- Exercise -
Give all the lines below again, exactly, with no pictures.

- Information provided -
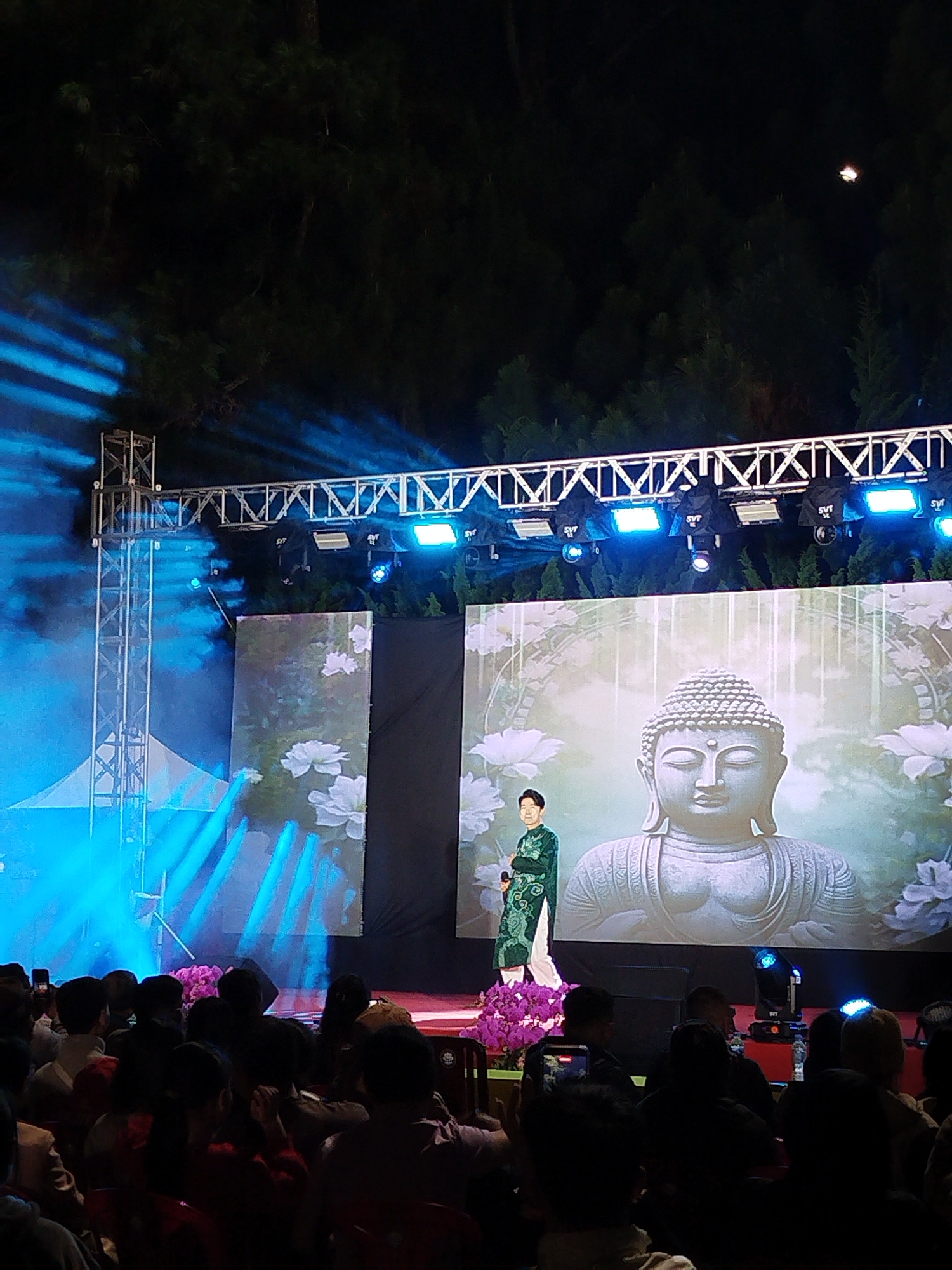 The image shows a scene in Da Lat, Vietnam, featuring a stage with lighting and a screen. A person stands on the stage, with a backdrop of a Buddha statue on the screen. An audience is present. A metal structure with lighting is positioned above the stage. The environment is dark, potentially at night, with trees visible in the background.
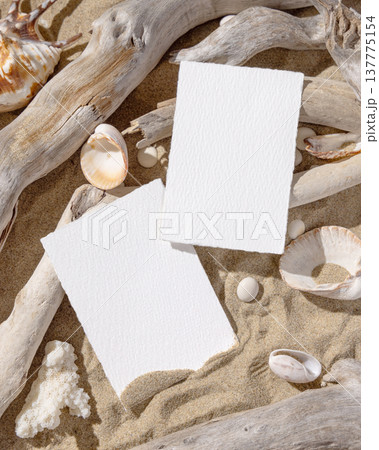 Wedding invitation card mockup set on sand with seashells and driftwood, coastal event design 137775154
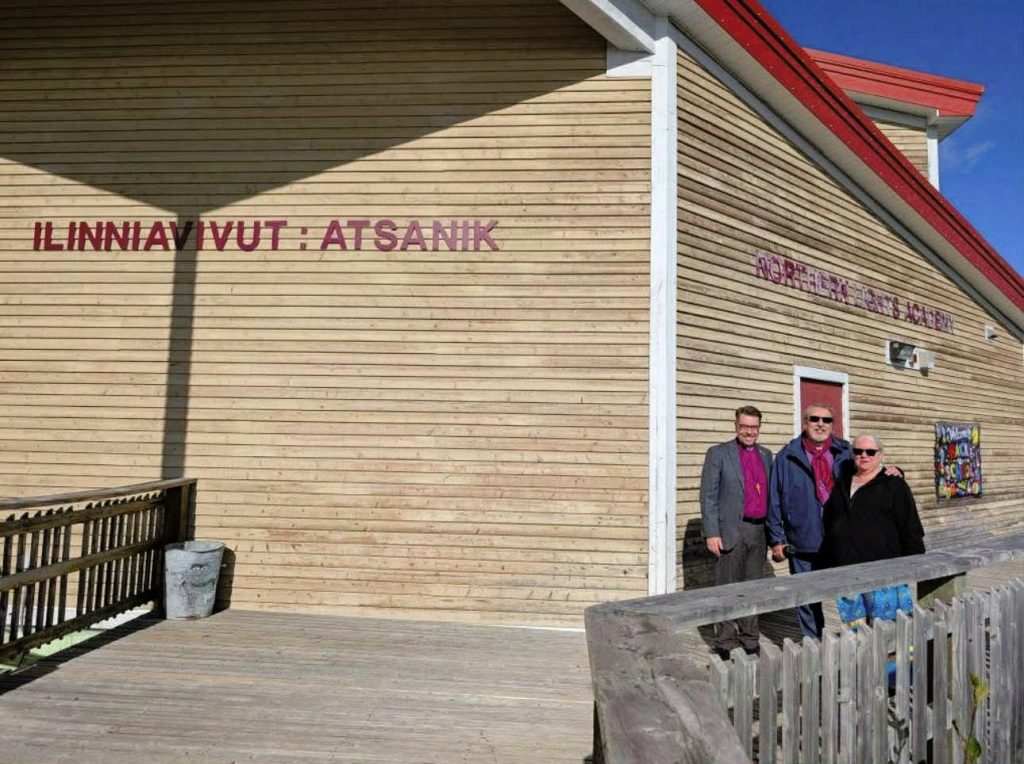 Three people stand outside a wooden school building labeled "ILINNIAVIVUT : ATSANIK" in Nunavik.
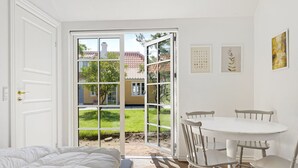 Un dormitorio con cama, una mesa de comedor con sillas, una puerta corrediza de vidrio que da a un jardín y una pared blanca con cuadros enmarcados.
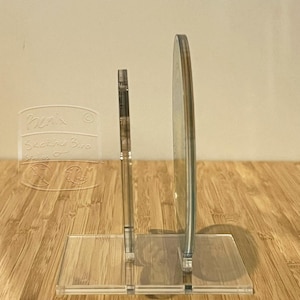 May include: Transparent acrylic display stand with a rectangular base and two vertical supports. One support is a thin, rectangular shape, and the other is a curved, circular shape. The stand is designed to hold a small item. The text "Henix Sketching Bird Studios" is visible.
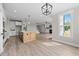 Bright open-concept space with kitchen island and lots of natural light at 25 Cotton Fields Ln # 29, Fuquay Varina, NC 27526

- Solution for this exercise -
 The image shows a scene in Da Lat, Vietnam, featuring a stage with lighting and a screen. A person stands on the stage, with a backdrop of a Buddha statue on the screen. An audience is present. A metal structure with lighting is positioned above the stage. The environment is dark, potentially at night, with trees visible in the background.
 Wedding invitation card mockup set on sand with seashells and driftwood, coastal event design 137775154
 Three people stand outside a wooden school building labeled "ILINNIAVIVUT : ATSANIK" in Nunavik.
 Un dormitorio con cama, una mesa de comedor con sillas, una puerta corrediza de vidrio que da a un jardín y una pared blanca con cuadros enmarcados.
 May include: Transparent acrylic display stand with a rectangular base and two vertical supports. One support is a thin, rectangular shape, and the other is a curved, circular shape. The stand is designed to hold a small item. The text "Henix Sketching Bird Studios" is visible.
 Bright open-concept space with kitchen island and lots of natural light at 25 Cotton Fields Ln # 29, Fuquay Varina, NC 27526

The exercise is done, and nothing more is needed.